UK Medical Director Dame Sally Davies has warned that failure to act could lead to a post-antibiotic apocalypse, spelling "the end of modern medicine" as routine infections defy effective treatment.

Some studies predict antimicrobial resistance could cost $ 100bn (£ 75bn) between now and 2050, with the annual death toll reaching 10 million in that period.

An EU strategy for pharmaceuticals in the environment was supposed to propose ways around the threat, but the leaked material shows that a number of ideas contained in an initial draft have since been watered down or deleted.

Proposals that have fallen by the wayside include an EU push to have environmental criteria for antibiotic use included in international agreements as "good manufacturing practice requirements." This would have allowed EU inspectors to visit factories in Asia or Africa, and sanctioning them was evidence of pharmaceutical contamination found.

In turn, this could have had an impact on trade negotiations between the EU and India, where pollution of inland waterways more than doubled in the first half of this decade, partly due to industrial effluents.

India is an outsourced center for global drug manufacturing and a study published last year in the scientific journal Infection said "excessively high" levels of antibiotic contamination were found in the waterways around Hyderabad.

Nusa Urbancic, a spokeswoman for the Changing Markets Foundation, said: “We are surprised that the European commission seems willing to ditch the option of including environmental criteria… so early in the process, given the overwhelming evidence presented about how pharmaceutical contamination contributes. to the proliferation of drug-resistant bacteria ".

A replacement passage in the new draft that suggests "the possibility of using a purchasing policy to encourage greener pharmaceutical design" was described as "completely lame" and "completely toothless" by Nina Renshaw, Secretary General of the Health Alliance European Public. "This approach will not work, as the worst offenders will still have the option to continue discharging antibiotics in their local environment," Renshaw said.

Another scrapped proposal would have ensured that pharmaceutical companies collect, monitor and share data on the discharge of their microbials in effluents from global hotspots, often caused by intensive cattle farms.

Scientists have noted a worrying lack of global research on such links, and the information gap can have commercial and public health repercussions.

Sasja Beslik, head of sustainable finance at Nordea Bank AB, which has 300 billion euros (£ 263 billion) in assets, said disclosing the data would "increase transparency and make investors more informed about risks." For us, timely and adequate information is key to assessing the materiality of risks. "

The inclusion of environmental criteria in good manufacturing practices would be "crucial" for drug manufacturers, he added.

The drift of the commission's strategy has been in the opposite direction, however. An initial goal to “reduce the non-essential use of pharmaceuticals” has been replaced by a more business-friendly goal, to “promote the prudent use of pharmaceuticals”.

An EU source, speaking on condition of anonymity, said: “That is not the wording that we would have chosen, or that we wrote for this.

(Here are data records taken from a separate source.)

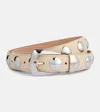 Khaite Benny Studded Leather Belt In White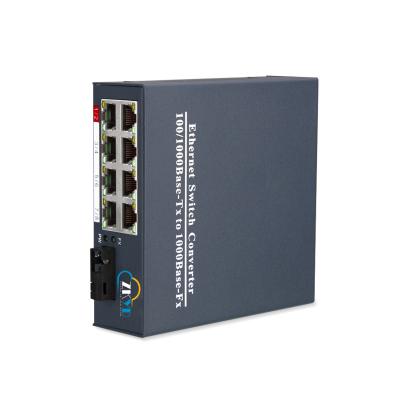 China FTTH 10/100/1000M SC Port 1 fiber optic port +8 port RJ45 fiber media converter price for sale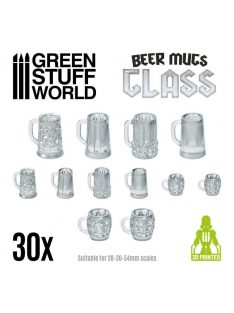   Green Stuff World - 3D Printed set - Beer Mugs - Glass - 30 pcs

There have been some modifications and attenuation of the commitment level, because we cannot make those commitments without investigating more, so they have become more vague. "

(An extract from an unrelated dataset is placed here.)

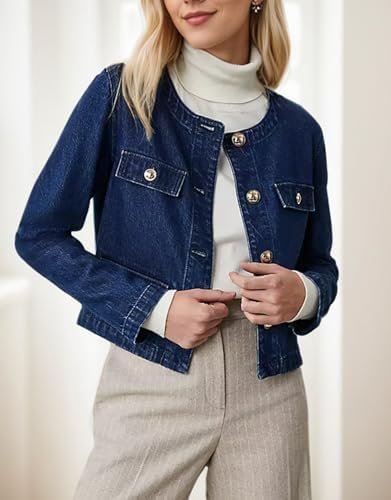 Kedera Jean Jacket Women 2025 Long sleeves Cropped Collarles...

Urbancic, however, was not convinced. "The commission's strategy has already been delayed for three years," he said. "The weakening of this draft has the fingerprints of the pharmaceutical industry everywhere."

The European Commission declines to comment on the leaked documents, but sources said there was "no particular pressure" on the officials who compiled the earlier draft.

The pharmaceutical industry spent nearly € 40 million lobbying the EU institutions in 2015, according to voluntary statements, and enjoys infamous access to officials.

Public records show that the European Federation of Pharmaceutical Industries and Associations had more than 50 meetings with the Juncker commission in its first four and a half months of office.

In the same period, GlaxoSmithKline had 15 meetings with the commission, Novartis had eight engagements, Sanofi and Johnson & Johnson had six sessions each, while Pfizer and Eli Lilly met with EU officials five times each.

Other measures ruled out in the EU strategy would have forced pharmaceutical companies to complete environmental risk assessments of human medicines before they could be authorized. Most pharmaceutical products currently lack details on their ecotoxicological properties.

The final version of the EU strategy on pharmaceuticals in the environment is expected to be published later this summer.

Source: (in English)

Video: The EU Action Plan against #Antimicrobial Resistance (October 2020).